Is it worth it to shoot RAW? I’ll leave that for other people to decide for themselves, I’ve just provided some footage that may help with that decision.
After the first video was posted I got feedback from some people who wished there had been more shots that showed gradients, fine detail, and action such as splashing water, grass blowing in the wind, etc. So I went back out and did another round of testing. This video shows the results of that testing with a series of split-screen shots
The camera was set for Picture Profile 7 (S-LOG2/S-Gamut) with the default settings. I exposed with the camera rated at ISO 1250 by exposing for white at 70%. The Odyssey’s ProRes footage (on the left side of the screen) was lightly graded in DaVinci Resolve 12.5 Studio by compensating for exposure on one node and then applying Convergent Design’s “SONY_EE_Slog2_LC709A” LUT on a second node. 11.0 of spatial noise reduction has been applied on a third node.
The camera’s internally recorded footage (on the right) was also graded in Resolve using the same “SONY_EE_Slog2_LC709A” LUT, plus a some other minor adjustments to Lift, Gamma, and Gain to match the corresponding ProRes file. No noise reduction has been applied to the clips that were recorded internally.
Lenses used were a Red 300mm f/2.8, Red 50-150mm f/2.8, and a Cine-Xenar 75mm f/2.
I also decided to test some other settings head-to-head:
Internal HD vs. external 4K via the camera’s RAW output
Internal 4K vs. external HD via the camera’s SDI output
Internal 4K vs. external 4K via the camera’s HDMI output
Internal 4K vs. external HD via the camera’s HDMI output
Internal HD vs. external HD via the camera’s SDI output
Later on, I also found out that Hugh Brownstone from Three Blind Men and an Elephant spent a good 40 minutes chatting with renowned f discussing Sony FS5 and its phenomenal Raw recording capabilities with an external recorder. You can check out their discussion below.
With the Convergent Design Odyssey7Q+ ($1795 at B&H) with the Odyssey Raw bundle ($995 from CD) installed you get the following 4K/2K Raw frame rates from the Sony FS5:
– CinemaDNG Raw or ProRes:
DCI 4K (4,096 x 2,160) up to 60p
DCI 4K bursts up to 120p – only in a 4 second burst (20 seconds real-time)

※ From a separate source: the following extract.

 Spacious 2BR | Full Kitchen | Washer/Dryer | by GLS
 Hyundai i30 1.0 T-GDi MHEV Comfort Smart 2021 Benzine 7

2K (2,048 x 1,080) up to 240p – for Super-Slow motion
All of frame rates and resolutions will be included in the Odyssey RAW Bundle and users can either shoot in CinemaDNG Raw or Apple ProRes (HQ/422/LT), as well as Raw to Apple ProRes HQ/422 or LT conversion, which will yield better results in general than just shooting in ProRes to begin with.